CHARLESTON, W.Va. (AP) — Volunteer fire chief Buster Varner was giving a safety demonstration at a school when a real call came in: A logging truck had collided with a passenger train at a crossing in the remote mountains of West Virginia.
Varner's unit was the first to arrive at the scene, and what he saw was alarming: A truck whose cab was crushed with the driver still inside, its logs thrown like toothpicks. Two train passenger cars flipped on their sides.
"It was a hell of a mess. I could not believe when I pulled up there," Varner said after returning home late Saturday morning to a bed that he hadn't seen since 5 a.m. Friday.
The driver was killed in the collision, which happened Friday afternoon along U.S. Route 250 atop Cheat Mountain, about 160 miles east of Charleston.
The Durbin & Greenbrier Railroad's Cheat Mountain Salamander train carrying 63 sightseers and four crew members had embarked on a fall foliage trip during prime leaf-watching season in the heavily forested area.
At the same time, Varner, chief of the Bartow-Frank-Durbin Volunteer Fire Department, was talking to school children about fire prevention and showing them a rescue demonstration with extrication equipment and a "pretend" patient.
Varner said the emergency call came about 1:30 p.m. Friday, and in a small community where most people are on a first-name basis, "I knew whoever was driving the truck was a friend or someone I knew real well."
He was right. Varner identified the victim Saturday as Danny Lee Kimble Sr. of Frank.

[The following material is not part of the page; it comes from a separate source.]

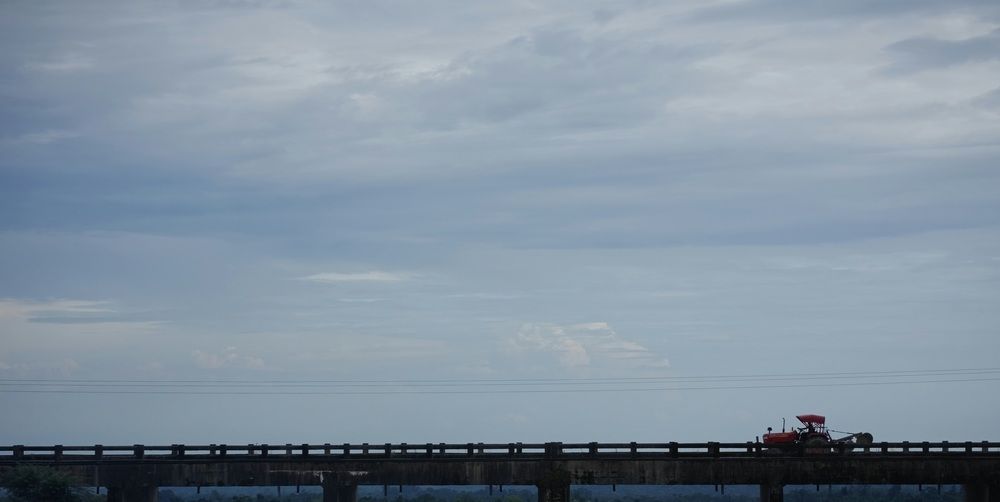 Skyline crossing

Varner said he knew the Kimble family well and spoke to Kimble's son Saturday morning. He did not release Kimble's age.
"I grew up in the same town. He's a local boy," Varner said. "I knew he was driving the truck. I knew there was no way he could live through that."

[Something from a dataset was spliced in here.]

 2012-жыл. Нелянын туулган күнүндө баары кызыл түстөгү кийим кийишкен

While having to talk to a grieving family that he knows well is one of the drawbacks of living in a small town, Varner said he was uplifted by the support of volunteers who pitched in to help feed rescue workers and others.

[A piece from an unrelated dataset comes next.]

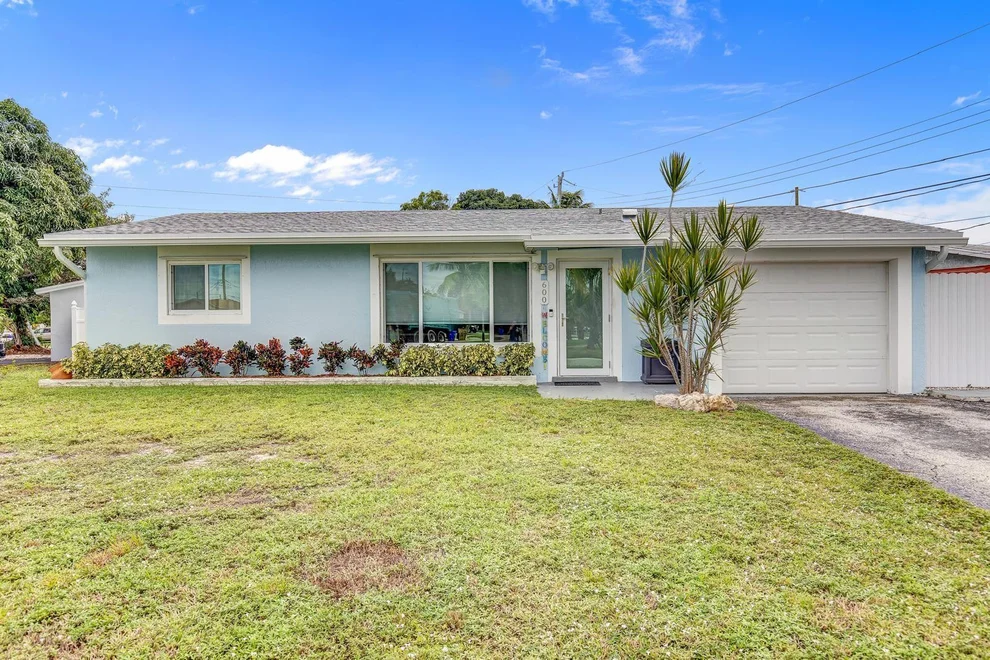 Unit for sale at 600 SW 14th Place, Deerfield Beach, FL 33441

"It was touching, I tell you that," he said. "The community pulls together around here when it's needed."
Varner said once he got the initial call, he told his dispatchers to make sure that every available helicopter was put on standby, and to contact every fire department in two counties, along with heavy-equipment units.
Varner said the front end of the logging truck, normally about 8 feet long, was crushed to 2 feet. He said it took more than three hours to remove Kimble's body. He was pronounced dead at the scene.
Varner echoed comments made by Randolph County Sheriff Mark Brady a day earlier that it appeared the truck ran through crossing signals.
"I did not see any skid marks," Varner said, adding that passengers said they could see the truck driver, and that he was alert when the crash happened.
"I looked at the people around me in the car and said, 'He's going to hit us,'" passenger Greg Barringer was quoted by The Inter-Mountain of Elkins (http://bit.ly/160P5w8 ) as saying.
"We hoped if it would hit, that it would be the caboose, because it had no passengers in it. We saw and felt the truck hit the cars behind us and then we saw them tip over."
Twenty-three people were treated at the hospital for injuries, and another 42 were examined and found to be unharmed, said Davis Memorial Hospital spokeswoman Tracy Fath.
One of the train's passengers was in stable condition with unidentified injuries at the hospital Saturday, Fath said.
Four passengers were transferred to a Morgantown hospital, where a spokeswoman who answered the phone said she couldn't release patient information without first being provided their names.
Fath said those who weren't hurt received "comfort care" before leaving the hospital.
"In light of everything, it could have been so much worse," Fath said.
Route 250 was reopened by Saturday morning.
The railroad said in a message on its answering machine that the Cheat Mountain Salamander was idled Saturday due to the damage to the train and that it will issue refunds.
The Salamander takes tourists on 6.5-hour trips to areas reaching more than 4,000 feet in elevation during peak leaf season in October.